[[ Materials provided, beginning ]]
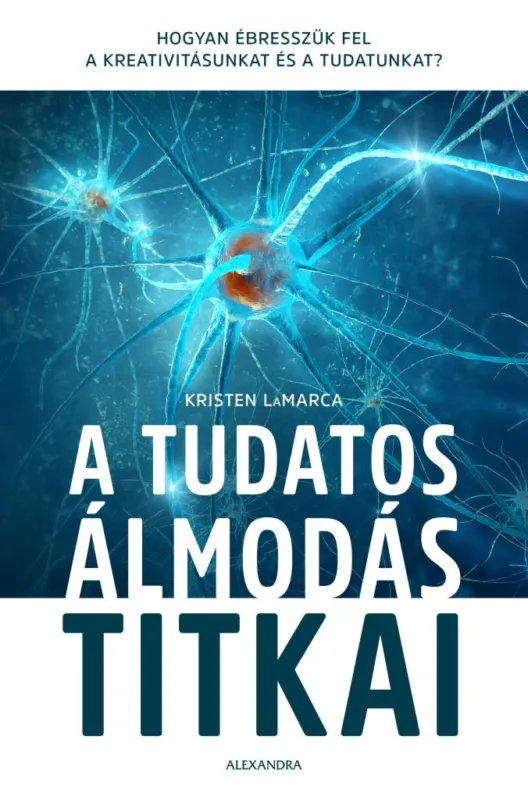 Biztonságos vásárlás A tudatos álmodás titkai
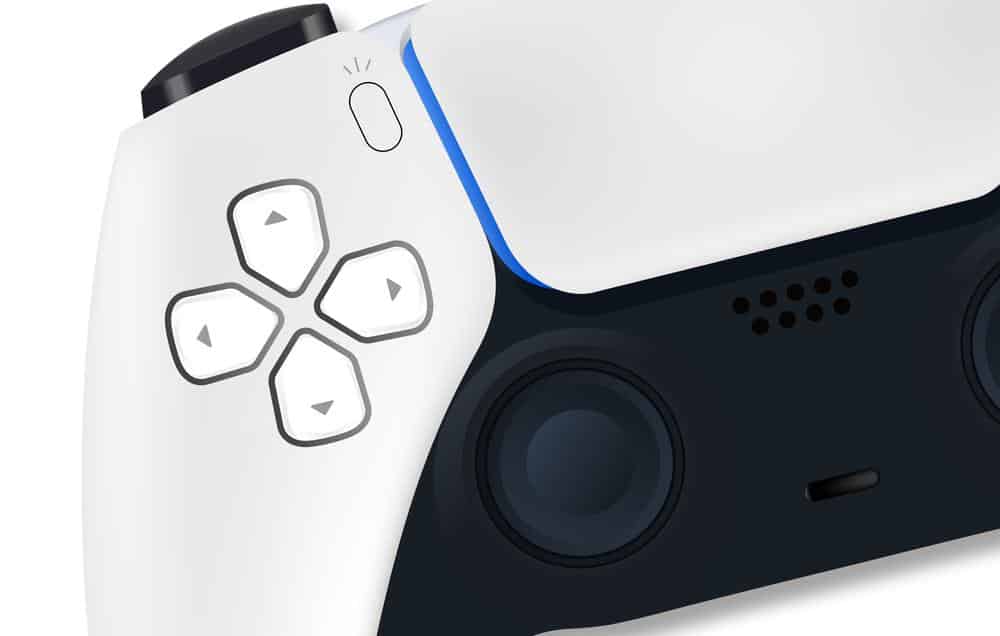 Suporte de celular para controle de PS5 - Playstation 5 Dualsense -  Playstation Now - Gamepass Xbox Cloud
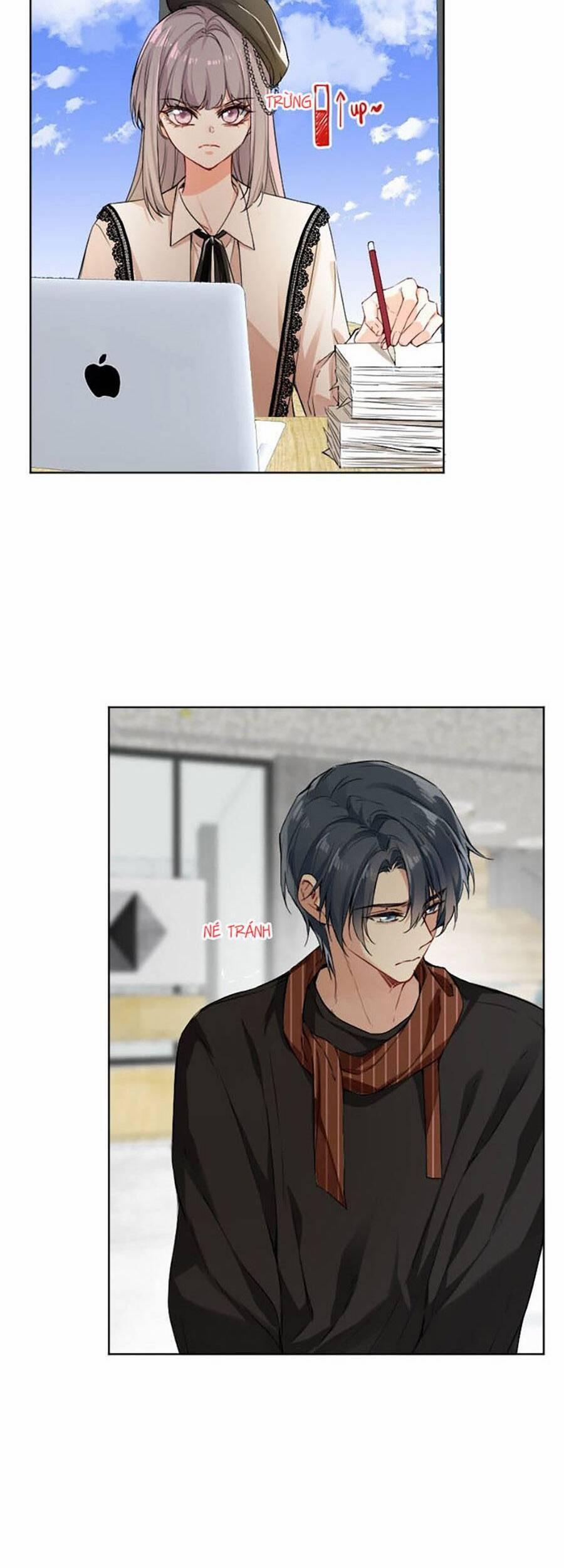 Tâm Động Thuấn Di 59 trang 2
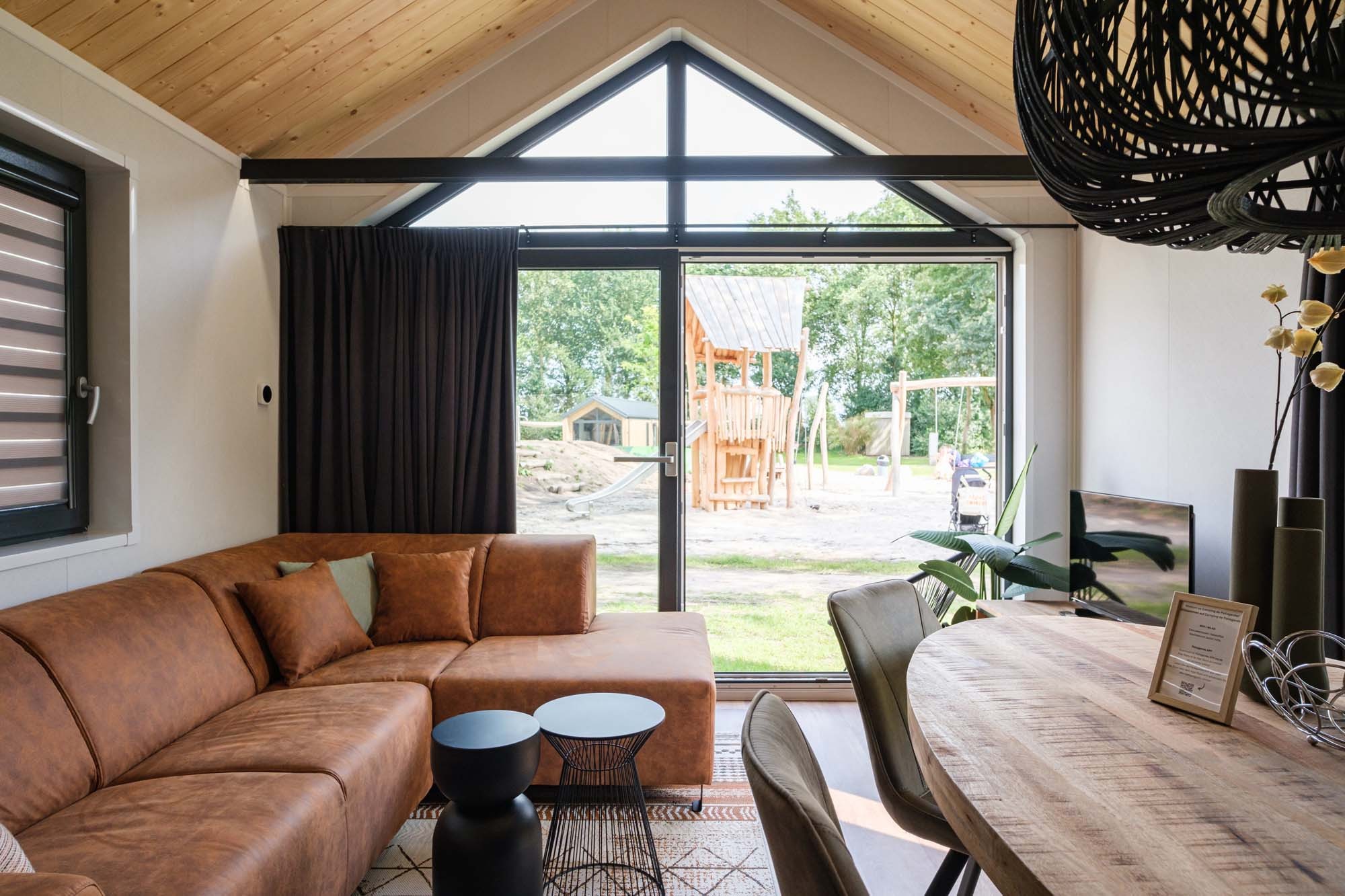 Loft 4 pers.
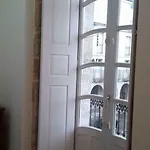 Apartmán Piso En Plaza Mayor Ribadavia
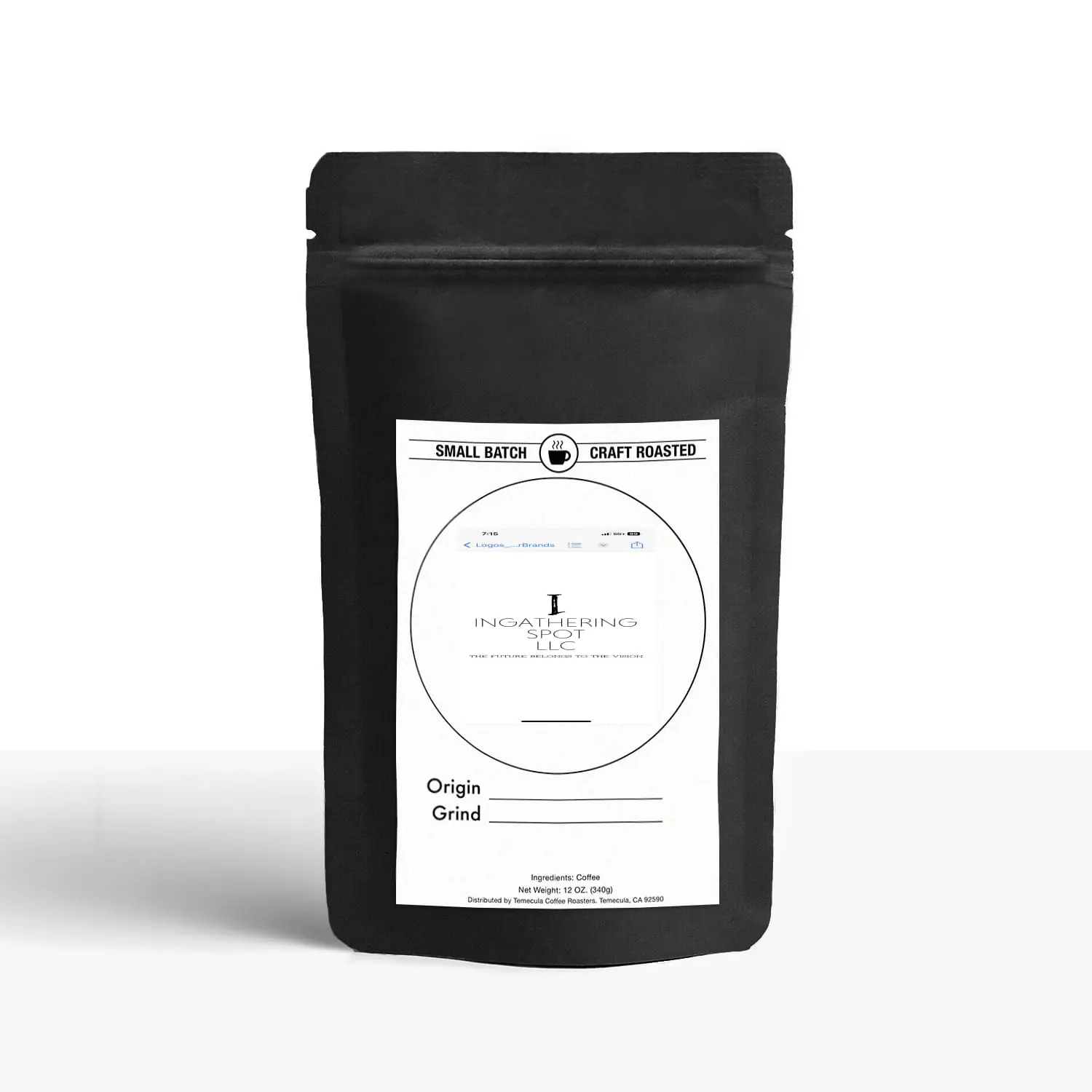 Cold Brew Coffee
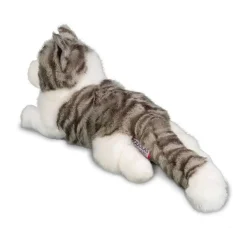 Hot Douglas Toys Smokey Gray Cat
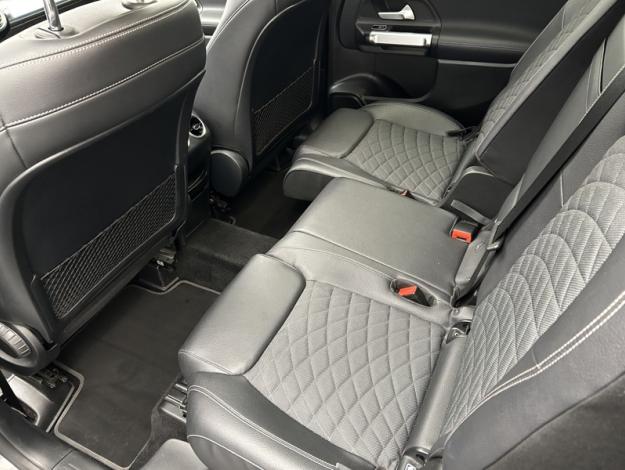 MERCEDES-BENZ GLB 200 d Progressive Line  GLB 200 d Progressive Line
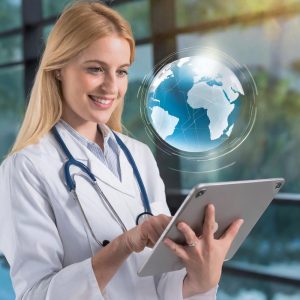 Digital Marketing on Healthcare USA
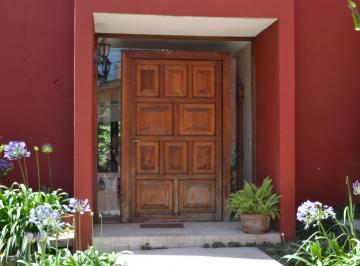 Casa · 556m² · 4 Recámaras · 2 Estacionamientos · Venta Casa Olivar de Los Padres, Enorme Jardín - (4)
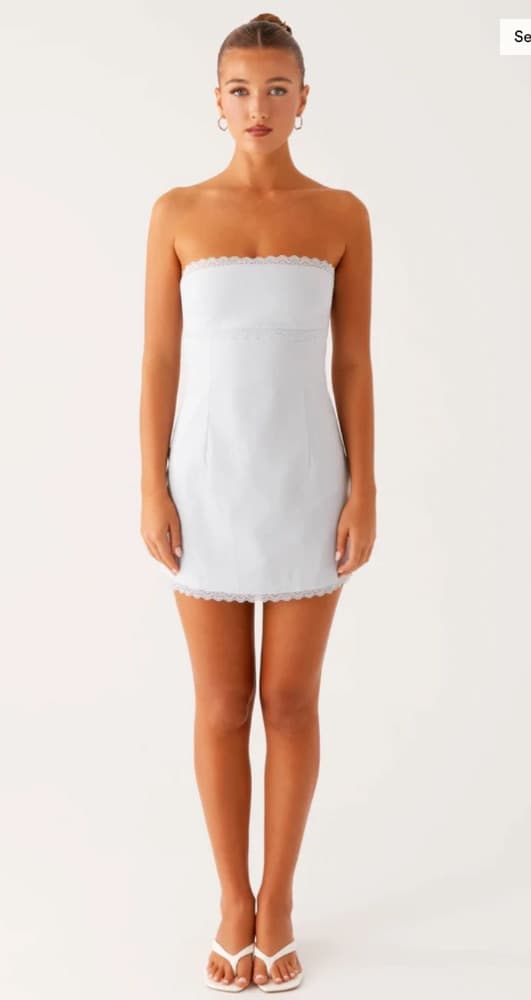 PepperMayo - Cala Mini Dress - Image 1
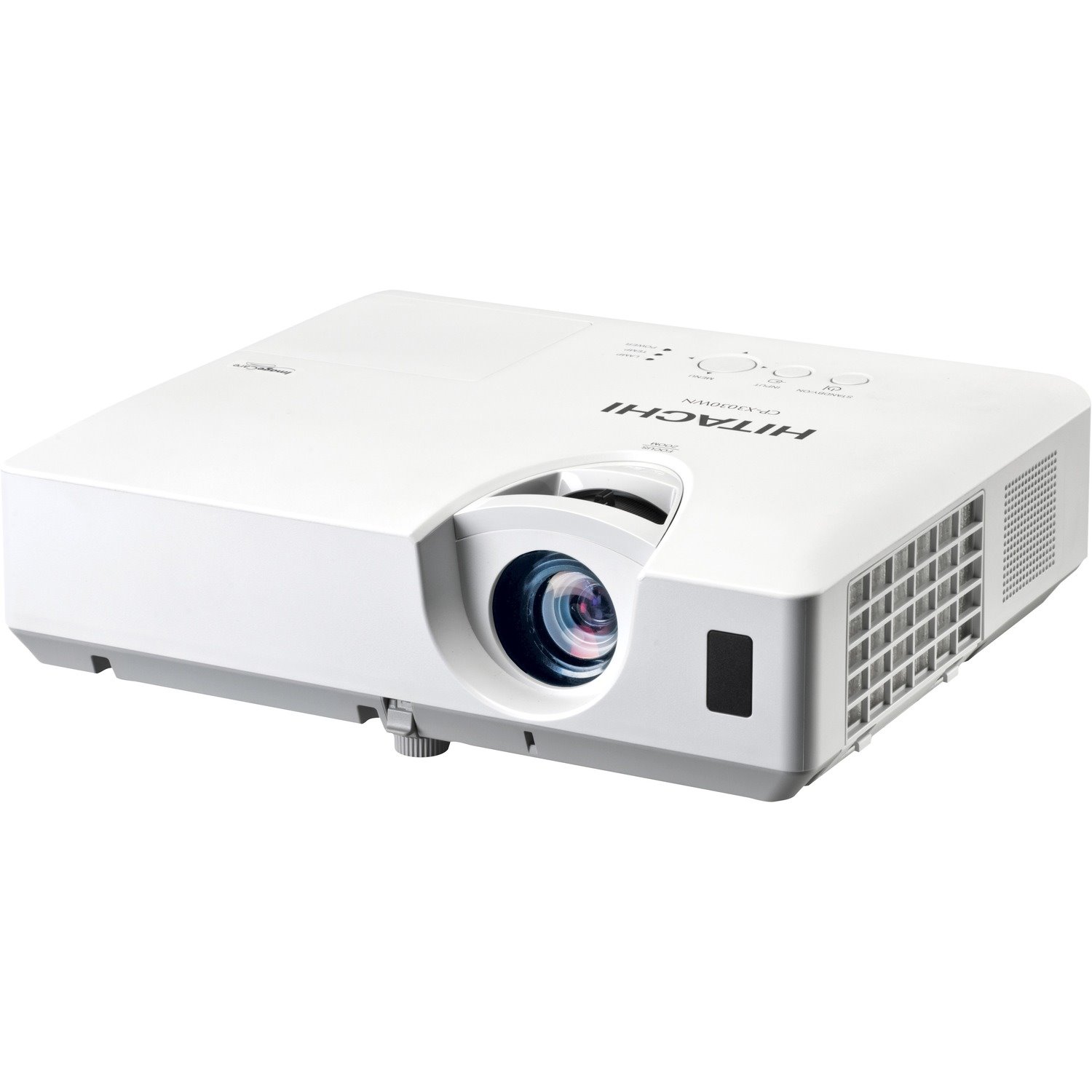 Hitachi CP-X3042WN LCD Projector - 4:3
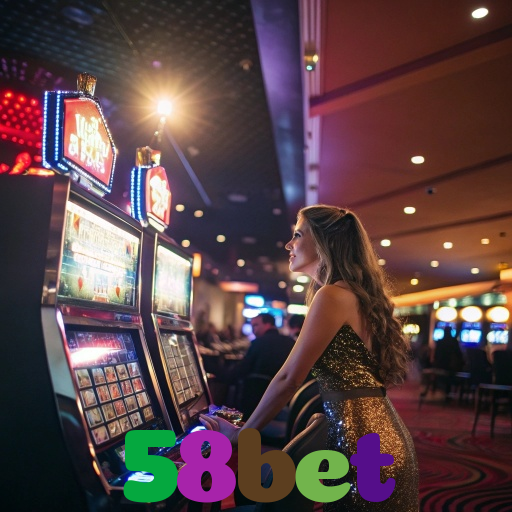 58bet:Jogue poker, aposte no futebol e ganhe em grandes jogos de cassino!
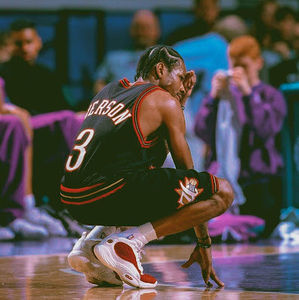 Meet your Posher, Zaddy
[[ Materials provided, end ]]
Required action:
Give back the entries above exactly as they stand. Leave the images out.

Written answer:
 Biztonságos vásárlás A tudatos álmodás titkai
 Suporte de celular para controle de PS5 - Playstation 5 Dualsense -  Playstation Now - Gamepass Xbox Cloud
 Tâm Động Thuấn Di 59 trang 2
 Loft 4 pers.
 Apartmán Piso En Plaza Mayor Ribadavia
 Cold Brew Coffee
 Hot Douglas Toys Smokey Gray Cat
 MERCEDES-BENZ GLB 200 d Progressive Line  GLB 200 d Progressive Line
 Digital Marketing on Healthcare USA
 Casa · 556m² · 4 Recámaras · 2 Estacionamientos · Venta Casa Olivar de Los Padres, Enorme Jardín - (4)
 PepperMayo - Cala Mini Dress - Image 1
 Hitachi CP-X3042WN LCD Projector - 4:3
 58bet:Jogue poker, aposte no futebol e ganhe em grandes jogos de cassino!
 Meet your Posher, Zaddy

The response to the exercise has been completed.